Mrożek ukazał w „Rzeźni” zderzenie kultu tradycji wielkiej muzyki europejskiej z naporem aroganckiej i bezczelnej pseudonowoczesnej sztuki, która niszczy tę wspaniałą tradycję. Dziś to niszczenie doprowadzone zostało do absurdu, za sztukę uważa się bowiem każde, najbardziej nawet niedorzeczne, brutalne, chamskie i bluźniercze działania, co przypomina w istocie proroczą wizję Mrożka. Spektakl w Ateneum zbudowany został na kontrastach. Zakompleksiony młody skrzypek, pozostający pod wpływem nadopiekuńczej mamusi, szykuje się do jubileuszowego koncertu. Dyrektor filharmonii, w znakomitej interpretacji Piotra Fronczewskiego, w obecności zaproszonych gości uroczyście zapowiada wydarzenie, w trakcie którego ma wystąpić ów nieszczęsny skrzypek.
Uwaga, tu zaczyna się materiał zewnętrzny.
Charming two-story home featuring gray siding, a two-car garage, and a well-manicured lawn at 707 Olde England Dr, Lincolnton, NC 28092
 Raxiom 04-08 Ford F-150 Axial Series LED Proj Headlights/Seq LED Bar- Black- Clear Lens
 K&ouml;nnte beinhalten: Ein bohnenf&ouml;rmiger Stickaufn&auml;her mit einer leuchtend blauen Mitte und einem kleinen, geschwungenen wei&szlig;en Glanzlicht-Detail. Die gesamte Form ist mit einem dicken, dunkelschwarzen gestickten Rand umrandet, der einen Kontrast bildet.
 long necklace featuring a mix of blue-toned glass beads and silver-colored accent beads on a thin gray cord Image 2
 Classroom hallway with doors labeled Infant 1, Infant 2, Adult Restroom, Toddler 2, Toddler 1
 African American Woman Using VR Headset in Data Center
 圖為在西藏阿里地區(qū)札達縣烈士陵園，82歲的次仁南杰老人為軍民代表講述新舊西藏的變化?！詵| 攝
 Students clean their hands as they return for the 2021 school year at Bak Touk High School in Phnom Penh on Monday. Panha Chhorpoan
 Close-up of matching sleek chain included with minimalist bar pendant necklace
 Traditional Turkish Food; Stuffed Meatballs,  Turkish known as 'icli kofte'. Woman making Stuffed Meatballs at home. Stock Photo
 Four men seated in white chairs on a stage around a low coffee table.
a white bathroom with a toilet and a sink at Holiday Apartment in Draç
Na scenę nachalnie wkracza jednak wspomniana brutalna sztuka, w wyniku czego filharmonia przemienia się w istny salon tortur. Nagle dyrektor zmienia front i ogłasza, że odtąd obowiązującymi kanonami sztuki będą owe rzeźnickie eksperymenty. Widzowie muszą zapomnieć o prawdziwych koncertach skrzypcowych. Ta wizja agresywnej ekspansji pseudosztuki, popieranej i finansowanej dziś przez instytucje państwowe – a także oportunizm organizatorów życia kulturalnego – jest w „Rzeźni” najbardziej przerażająca.
Teatr Ateneum. Sławomir Mrożek, „Rzeźnia”. Reżyseria – Artur Tyszkiewicz. Wykonawcy: Tomasz Schuchardt, Magdalena Zawadzka, Emilia Komarnicka, Piotr Fronczewski, Henryk Łapiński, Dariusz Wnuk. Premiera – 7 lutego.